This might be relevant to those who wish / have to use Windows 11:
This week, Microsoft made it very clear that it wants to block the popular BYPASSNRO workaround, used to skip the internet and Microsoft Account requirement checks during the Windows 11 installation OOBE (initial setup), although thankfully, the script can still be created using Registry edits.
A 7 step guide.
Honestly, guys, gals and others, Microsoft is making it crystal clear they don’t want you to use their OS. It’s not your OS, it’s theirs. Stop trying mangle it into something it is not. If you need registry edits just to make the OS usable, it’s not worth it. It’s not for you. Please, please, please look at alternatives that respect you, your intelligence, your privacy and your data. One day Microsoft will push an update that will lock you out of your machine unless you create an account. Jumping through these hoops is just delaying the inevitable. Using an OS is not worth all this effort and stress.
Install. Linux. Mint.
My sarcasm has less steps than this workaround. A linux install has less steps than that.
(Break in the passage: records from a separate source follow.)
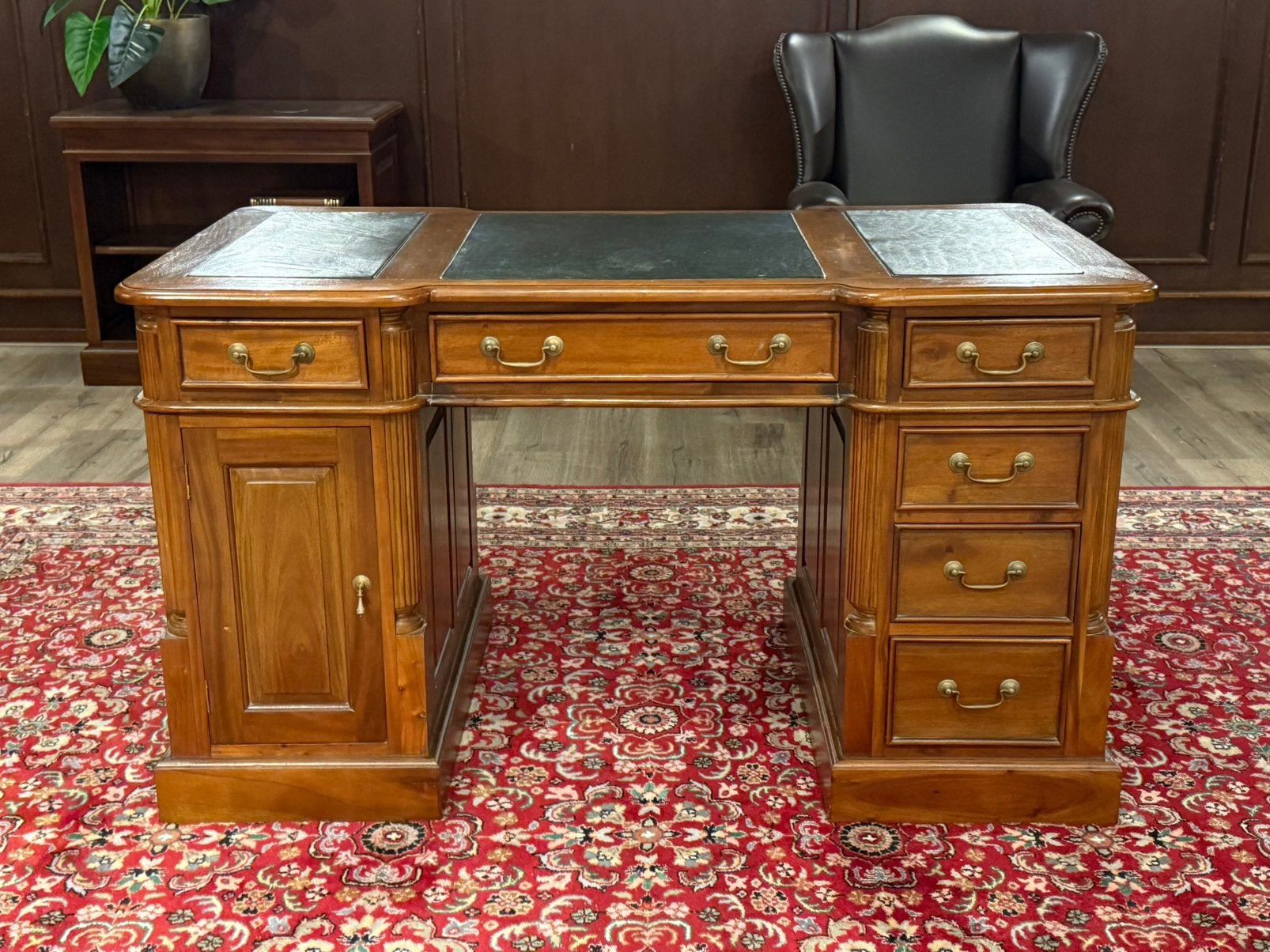 Klassiek Engels bureau #672, Huis en Inrichting, Bureaus, 150 cm, Hout, Bruin, Ophalen of Verzenden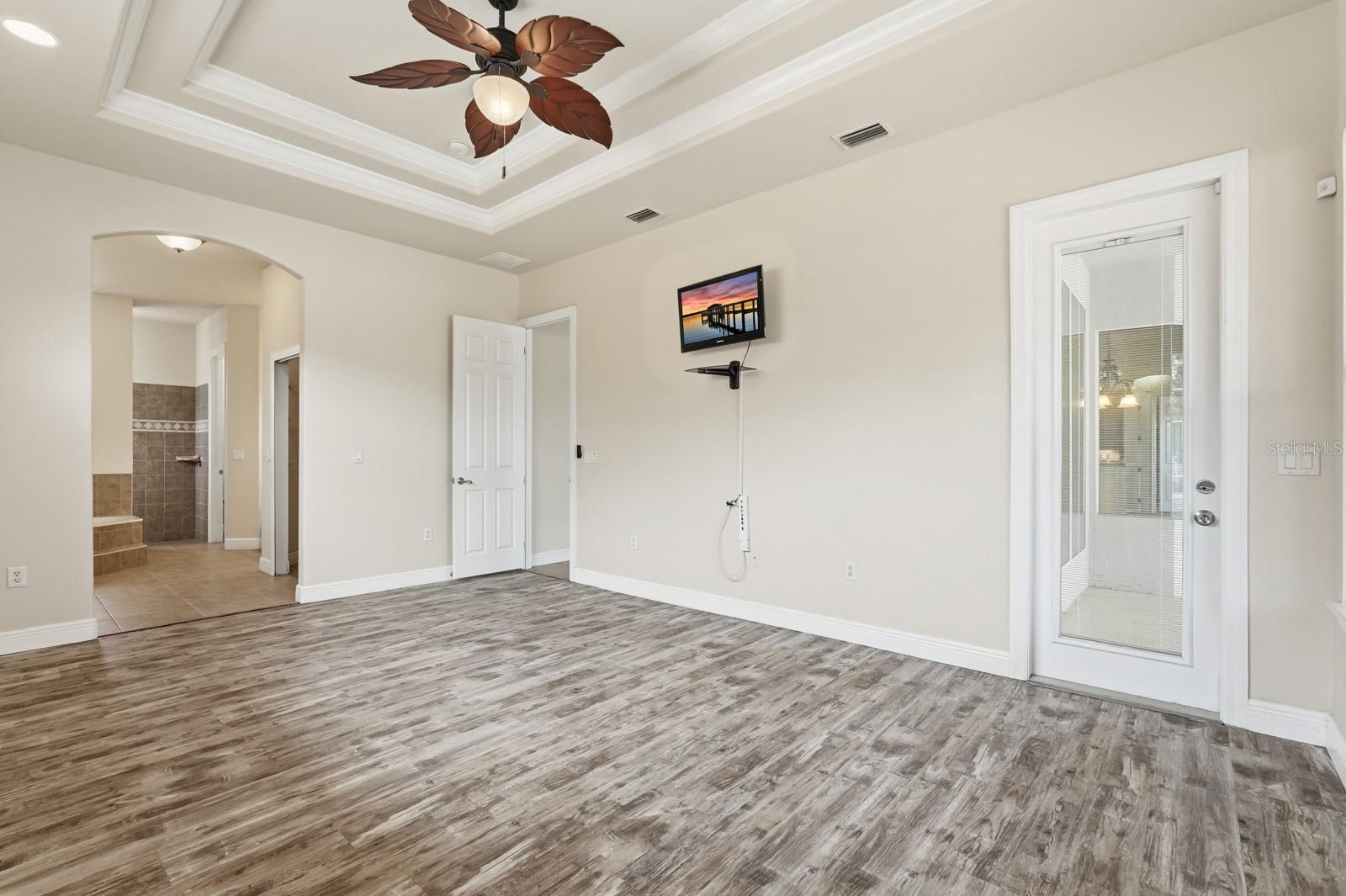 CYPRESS KNOLL - Residential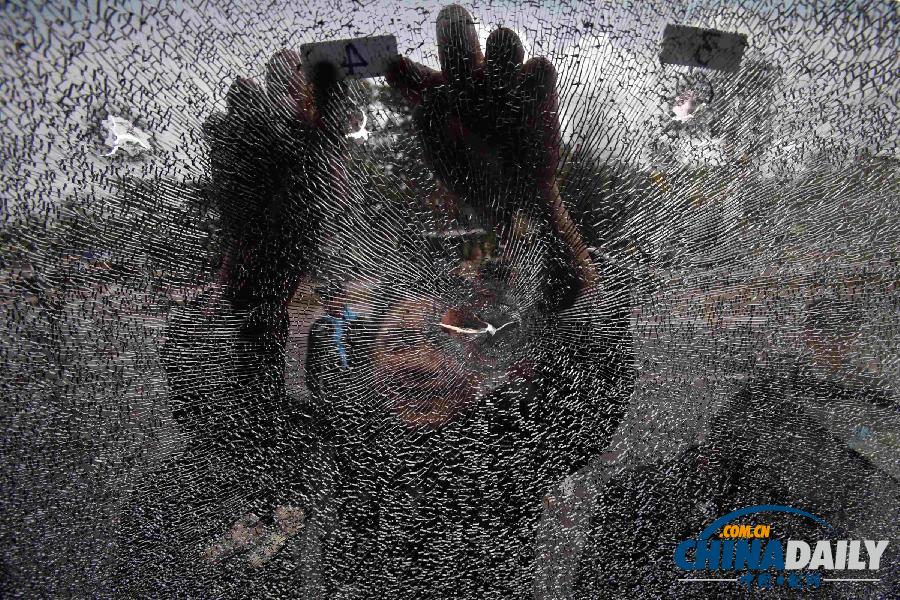 泰国南部胶农抗议升级 警农冲突激烈警车被烧毁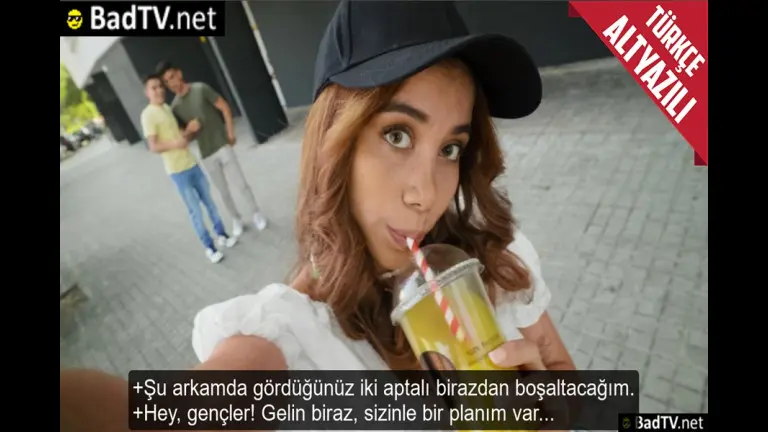 seksi sosyal medya fenomeni kiz kendisine laf atan genclere soklu sikis yasatti.jpg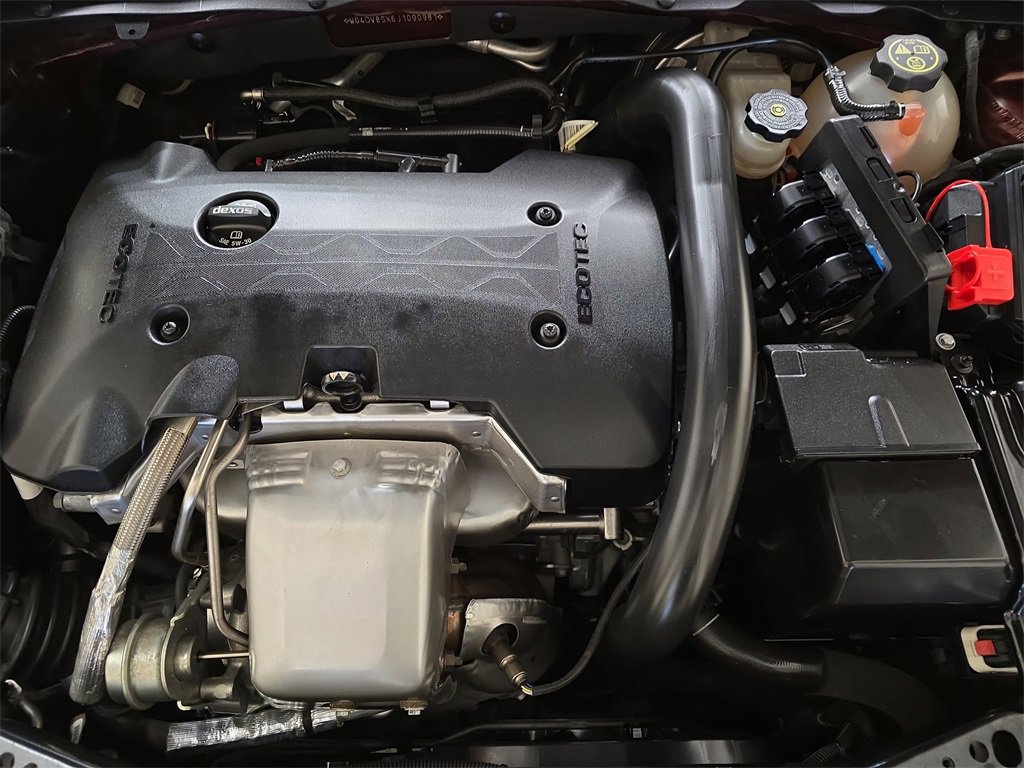 Used 2018 Buick Regal Essence w/ Driver Confidence Package #1 image 33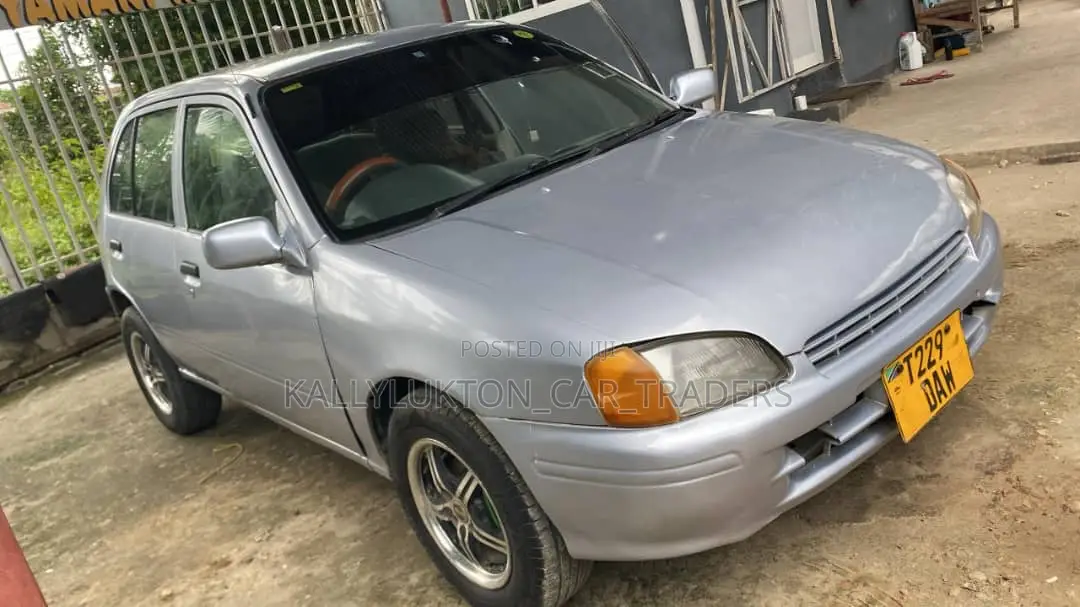 Toyota Starlet 2000 Silver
“Linux is far too complex for the common person to use.”
Installing windows without your data being harvested: 7 steps, then editing registry files, uninstalling most of the programs that come with it and get reinstalled with every update, use this command prompt, download this program from a random website you’ve never heard of before…
Installing Linux without your data being harvested: Click continue.
Linux is so difficult you guys, no one could possibly learn the command line.
Orrrrrr, hear me out, just click once and get an online account because you don’t care.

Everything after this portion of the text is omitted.